Si des similitudes existent entre les États-Unis et la France concernant leur déficit, des différences importantes sont néanmoins à souligner. Le déficit américain est la conséquence de la réforme fiscale engagée par Donald Trump en 2017 qui s’est traduite par une diminution des taux d’imposition pour les ménages et les entreprises. Il est également provoqué par les mesures de soutien à l’investissement dans le cadre de la transition écologique (Inflation Reduction Act et Chips Act). Enfin, la hausse des taux d’intérêt a accru le service de la dette de l’État fédéral. Ces intérêts représentent 4 % du PIB en 2023, contre 3,5 % en 2020. Le déficit français résulte avant tout de la faiblesse de la croissance et du taux d’emploi. Le service de la dette a légèrement progressé ces deux dernières années mais reste faible : 1,7 % du PIB en 2023 contre 2,7 % en 2010. La croissance française avoisine en moyenne, a peine 1 % sur longue période. Elle est deux fois inférieure à celle des États-Unis. Le rôle des transferts publics aux ménages différencie les deux pays. En France, ces derniers pèsent 30 % du PIB, contre moins du quart aux États-Unis. Le déficit en France est en grande partie imputable aux dépenses de fonctionnement quand pour les seconds il est lié à celles d’investissement. Les États-Unis consacrent une part plus importante de leur budget à la recherche que la France. Par ailleurs, celle-ci est confrontée à une baisse de la productivité qui handicape sa croissance potentielle. De 2010 à 2023, la productivité par tête s’est accrue de 22 % aux États-Unis, contre 3 % en France. Chez cette dernière, elle a baissé de plus de 5 % entre 2019 et 2023.

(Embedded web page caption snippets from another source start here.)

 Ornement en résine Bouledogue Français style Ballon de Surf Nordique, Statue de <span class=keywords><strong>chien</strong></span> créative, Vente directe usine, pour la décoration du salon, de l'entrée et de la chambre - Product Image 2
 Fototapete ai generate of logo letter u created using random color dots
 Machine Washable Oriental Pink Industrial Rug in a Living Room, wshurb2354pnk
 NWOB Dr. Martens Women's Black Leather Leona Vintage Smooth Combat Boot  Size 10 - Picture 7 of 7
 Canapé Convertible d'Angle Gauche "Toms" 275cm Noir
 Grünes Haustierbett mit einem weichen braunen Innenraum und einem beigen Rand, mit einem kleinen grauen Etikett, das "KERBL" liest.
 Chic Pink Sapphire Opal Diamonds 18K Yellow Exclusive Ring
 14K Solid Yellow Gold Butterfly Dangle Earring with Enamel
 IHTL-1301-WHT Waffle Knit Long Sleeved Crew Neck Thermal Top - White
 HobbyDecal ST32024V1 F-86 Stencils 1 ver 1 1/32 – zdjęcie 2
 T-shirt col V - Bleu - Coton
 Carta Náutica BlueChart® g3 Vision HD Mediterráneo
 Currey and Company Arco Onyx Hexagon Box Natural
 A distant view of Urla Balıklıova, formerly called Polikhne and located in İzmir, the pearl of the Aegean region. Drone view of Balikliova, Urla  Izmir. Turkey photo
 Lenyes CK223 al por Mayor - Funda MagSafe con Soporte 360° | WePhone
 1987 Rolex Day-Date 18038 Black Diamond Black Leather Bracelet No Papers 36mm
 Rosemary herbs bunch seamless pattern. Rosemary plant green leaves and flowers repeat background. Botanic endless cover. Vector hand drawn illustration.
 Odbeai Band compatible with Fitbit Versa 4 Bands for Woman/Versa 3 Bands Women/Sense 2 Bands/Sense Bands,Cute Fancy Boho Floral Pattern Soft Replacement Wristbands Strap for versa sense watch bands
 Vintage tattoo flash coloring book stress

La France est, avec l’Italie, le seul pays membre de l’Union européenne à avoir un déficit public supérieur à 5 % du PIB. Il est également un des rares pays de l’Union européenne à avoir enregistré une détérioration de ses comptes publics l’année dernière. À la différence des États-Unis, la France ne peut pas compter sur la croissance pour réduire son déficit. Tant que les capitaux étrangers accepteront d’investir en France, la situation est tenable mais elle pourrait rapidement se compliquer en cas de retournement des investisseurs.